I'd recommend Ed Mcgivern's book FAST AND FANCY REVOLVER SHOOTING. There are some timeless tips in there. Jeff Cooper's stuff is worth the read.

Massad Ayoob's column in AMERICAN HANDGUNNER is great, and that seems to be the best handgunning mag out there, worth the subscription. There's a book that he has out compiling a bunch of his columns from that mag, but the name escaped me. 

Bill Jordan's NO SECOND PLACE WINNER is quite enjoyable.

Just fininshed WARLORD by Ilario Pantano, which is a great nonfiction piece about Iraq. 
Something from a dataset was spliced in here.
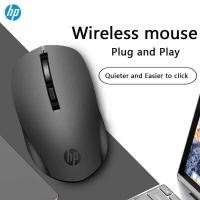 ราคา HP S1000 Plus เม้าส์ไร้สาย USB Silent1600 DPI ปรับ USB 3 0 รับ Optical Mouse คอมพิวเตอร์ 2 4 กิกะเฮิร์ตซ์หนูเหมาะกับการ (20775538591)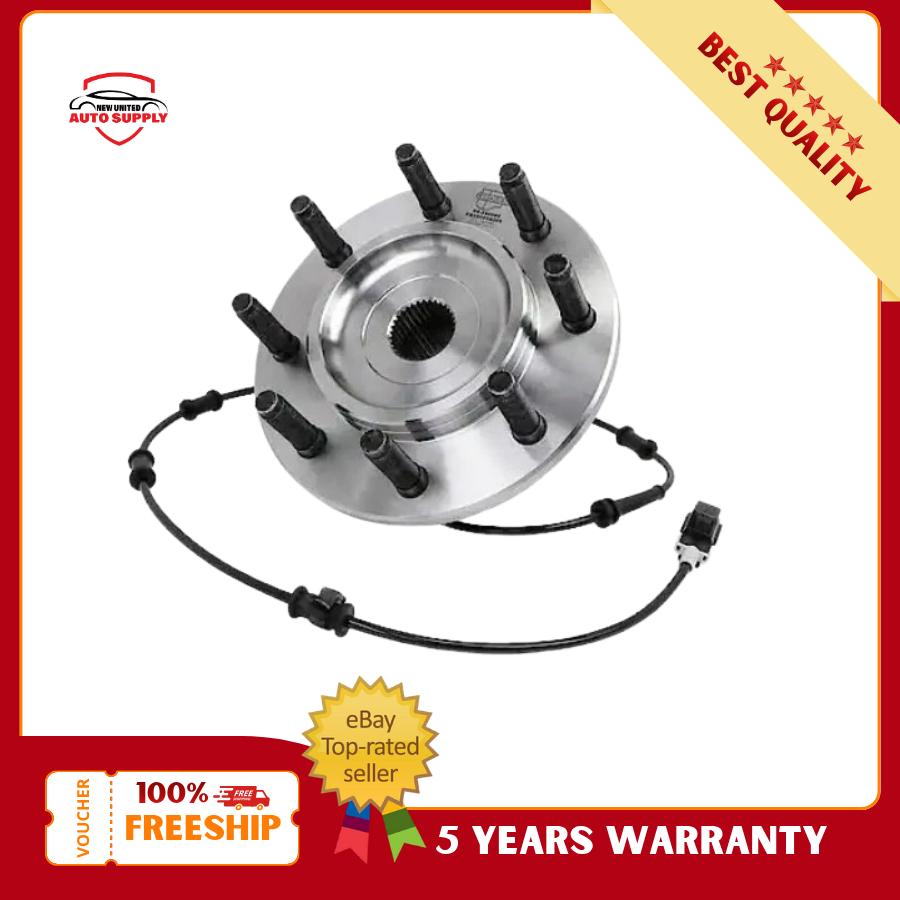 Fit 2003-2005 Dodge Ram 2500/3500 Front Wheel Bearing and Hub Assembly 94-232009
Fiction: Read Stephen Hunter's POINT OF IMPACT. Do it quick before the movie SHOOTER (with Mark Walberg) comes out and probably ruins the book forever. You'll be hooked. Also, anything by Vince Flynn is worth reading.


----------



## SigZagger (Aug 16, 2006)

If you are interested in pistol shooting. I found the following to have plenty of useful information. All are paperback. Size 5 1/2 x 8 1/2. I ordered them from Amazon. 

THE HAPPY HANDGUNNER................by Don Paul
HANDCANNONS.............................by Duncan Long
TACTICAL PISTOL MARKSMANSHIP...by Gabe Suarez


----------